In 1979, Mr. Ford served as national chairman of the Freedom Hall Campaign to construct the library, exhibition hall and classrooms of The Martin Luther King, Jr., Center for Social Change in Atlanta.
Mr. Ford served as a director and chairman of the Detroit/Wayne County Port Authority from October 1980 until December 1981.
Mr. Ford received many honors including the Gold Medal, Poor Richard Club of Philadelphia, 1954; the Voice of Business Award, Society of Business Managing Editors, 1955; the Gold Medal, Wharton School Alumni Society, University of Pennsylvania, 1956; the Public Service Award, Advertising Council, 1961, Commander of the Order of the Lion of Finland, 1962; Good American Award of the Chicago Committee of 100, 1963; Commandeur do l 'Ordre de la Couronne of Belgium, 1964; Grand Cross of the Royal Crown of Yugoslavia, 1964; Knight of the Grand Cross of Merit of the Italian Republic, 1966, the Medal of Freedom from President Johnson in 1969; Annual Business Statesman Award, Harvard Business School Club of New York, 1971; President's Cabinet Award Medal, University of Detroit, 1972; Commandeur of the National Order of the Legion of Honor, French Republic, 1973; Automotive Industries Magazine Career Achievement Award, 1973; Builder of Detroit Award, Wayne State University, 1973; Alexis de Tocqueville Award, The United Way of America, 1975; Man of the Year Award, Brazilian-American Chamber of Commerce, 1975; Technology for Peace Award of the American Technion Society; the Federal Republic of Germany's highest civilian award - The Knight Commander's Cross of the Order of Merit and the United Jewish Appeal Humanitarian Award - in 1979. He received the annual A. Philip Randolph Award of the Coalition of Black Trade Unionists in 1980. He was appointed "Honorary Knight Commander of the Most Excellent Order of the British Empire" for his years of service to British industry by the Queen of England of 1982. In 1983, he received the Business Statesman Award from Detroit's Harvard Business School Club. The Wharton Entrepreneurial Center, The Wharton School, University of Pennsylvania, presented him with the Award of Merit in 1985.

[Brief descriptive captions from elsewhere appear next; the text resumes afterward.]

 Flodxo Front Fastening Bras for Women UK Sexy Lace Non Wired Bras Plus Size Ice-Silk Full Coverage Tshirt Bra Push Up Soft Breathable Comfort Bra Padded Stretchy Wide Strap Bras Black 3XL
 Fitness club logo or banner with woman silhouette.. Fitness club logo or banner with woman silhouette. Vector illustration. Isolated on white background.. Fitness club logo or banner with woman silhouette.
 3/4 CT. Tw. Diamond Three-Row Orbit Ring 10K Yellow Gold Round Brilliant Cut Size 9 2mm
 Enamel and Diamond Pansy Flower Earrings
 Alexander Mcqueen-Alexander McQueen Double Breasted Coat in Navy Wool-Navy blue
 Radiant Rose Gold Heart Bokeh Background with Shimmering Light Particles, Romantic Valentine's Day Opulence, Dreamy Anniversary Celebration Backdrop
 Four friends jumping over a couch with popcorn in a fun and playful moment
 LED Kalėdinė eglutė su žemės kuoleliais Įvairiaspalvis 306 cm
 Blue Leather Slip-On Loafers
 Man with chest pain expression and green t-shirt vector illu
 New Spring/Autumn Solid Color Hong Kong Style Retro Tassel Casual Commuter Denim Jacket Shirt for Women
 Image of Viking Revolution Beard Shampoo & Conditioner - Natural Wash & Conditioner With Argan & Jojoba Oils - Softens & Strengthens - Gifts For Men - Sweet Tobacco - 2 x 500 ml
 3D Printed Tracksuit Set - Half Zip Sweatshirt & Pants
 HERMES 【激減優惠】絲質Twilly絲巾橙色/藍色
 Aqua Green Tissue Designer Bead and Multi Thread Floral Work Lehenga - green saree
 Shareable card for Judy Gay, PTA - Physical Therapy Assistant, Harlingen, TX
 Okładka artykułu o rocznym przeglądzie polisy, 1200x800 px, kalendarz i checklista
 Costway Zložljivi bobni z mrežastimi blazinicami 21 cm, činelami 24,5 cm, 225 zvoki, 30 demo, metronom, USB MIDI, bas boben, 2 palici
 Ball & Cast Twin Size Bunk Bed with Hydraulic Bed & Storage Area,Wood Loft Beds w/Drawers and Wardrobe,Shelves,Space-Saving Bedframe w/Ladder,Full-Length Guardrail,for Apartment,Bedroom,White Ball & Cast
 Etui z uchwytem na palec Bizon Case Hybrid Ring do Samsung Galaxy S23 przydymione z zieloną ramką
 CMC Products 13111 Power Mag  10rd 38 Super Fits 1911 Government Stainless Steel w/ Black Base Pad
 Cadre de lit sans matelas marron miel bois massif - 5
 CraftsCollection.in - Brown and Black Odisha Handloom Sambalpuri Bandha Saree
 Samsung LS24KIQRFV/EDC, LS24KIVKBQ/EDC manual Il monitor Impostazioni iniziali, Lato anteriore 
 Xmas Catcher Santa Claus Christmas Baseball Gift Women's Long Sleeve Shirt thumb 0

He also was elected the Outstanding Young Man of 1945 by the United States Junior Chamber of Commerce, and received an honorary doctor of letters degree from the University of Detroit and an honorary doctor of laws degree from Yale University. He also received the Distinguished Service Citation of the American Vocational Association.
He was a member of the Economic Club of Detroit, The Detroit Club, the Grosse Pointe Club, the Country Club of Detroit, the Yondotega Club and the Links Club, New York, and the Everglades Club, Florida.
Mr. Ford was born in Detroit on Sept. 4, 1917, the eldest of four children of Mr. And Mrs. Edsel B. Ford. He was graduated from Hotchkiss School, Lakeville, Conn., in 1936 and attended Yale University until 1940. He married the former Anne McDonnell of New York on July 13, 1940 (divorced in 1964), and had two daughters, Charlotte and Anne, and a son, Edsel Bryant Ford II. Mr. Ford married the former Maria Cristina Vettore Austin in 1965 (divorced 1980). He married Kathleen DuRoss in October 1980. He was preceded in death by his brother, Benson, on July 27, 1978. He also is survived by his brother William Clay, and sister, Mrs. Walter B. Ford II.
He was a resident of Palm Beach, Fla., at the time of his death.